Tuesday, June 18, 2013

The Little Investment Guide Book



Last weekend I read another investment guide called the little book about making money or something like that.  I don't know why it is always called the little book, something like the popular For Dummies series. I think someone started it long ago, a retired investment banker who wanted to share his experience and wrote a slim volume with the title my little book that started a trend though the writer was emphasizing passive investment. A week before I read another slim volume called 'The Sages' about George Soros, Warren Buffett and Paul Volcker.  It was a very educational book and the investment styles of both Soros and Buffett are so much different.  Volcker who was the Federal Reserve head before the infamous Greenspan is another specie. The common link is their down to earth insight and prescience towards crisis and their calls for financial reform.I realize again my ignorance after reading these books.

The little book series was about fundamental investment along the Buffett (and Benjamin Graham) school of thought. Soros on the other hand is a strategic and macroeconomic thinker, familiar with global trends - he is uniquely qualified to have a world view; born in Hungary, fleeing Eastern Europe in the wake of both the Nazi and then Communist take over, studying economics in London, earning his living as a stock broker, before moving to Wall Street in New York and soon started a hedge fund. Buffett on the other hand, never left the country, studying the fundamentals of companies and buying and holding stock or businesses while Soros made his riches exploiting opportunities all over the world, gaining notoriety when shorting the British pound and 'breaking' the bank of England.

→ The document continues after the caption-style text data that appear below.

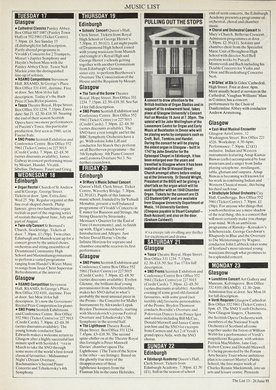 Issue 18 — Page 11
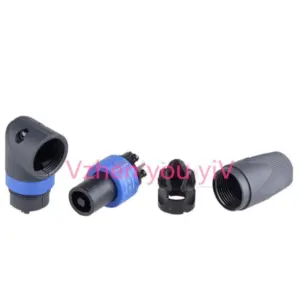 S021bbed11b8741cf8c4d4fca4b6b2d0dD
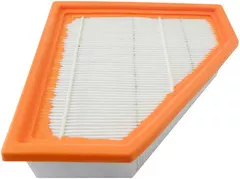 Baldwin Filters PA4419 Panel Air Element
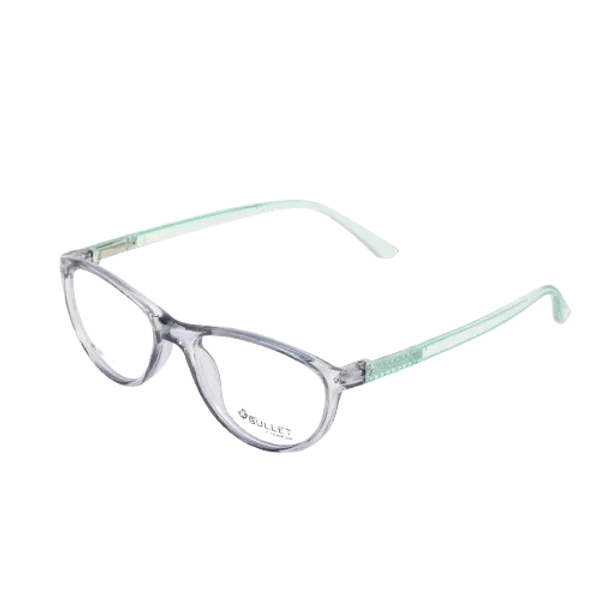 Gray_Cat_Eye_Shape_Tr_Full_Rim_Frames_For_Girls_Lightweight_Eyeframes_And_Eyewear_For_Unisex_|_Blue_Ray_Zero_Power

I prefer Buffett's buy and hold strategy, looking for bargain stocks that have lost favor with the general market (thereby cheap) or in a turnaround position but fraught with risk. I am again reading another book by Jim Rogers called 'Street Smarts'. Rogers worked with Soros and co created the Quantum Hedge Fund. He made his riches investing in trends like Soros until he retired and traveled the world. He now lives in Singapore, preparing his family for the coming Chinese century, his young children studying Mandarin. Soros and Rogers have a world view and are strategic thinkers similar to other known investors like Mark Mobius and John Templeton. In experience I am biased towards the Soros view, born in one Asian country (Philippines) where I studied economics (that dismal science), living and investing in Singapore, following a buy and hold strategy and moving to the US and modestly investing in American stocks and real estate following value investing guidelines.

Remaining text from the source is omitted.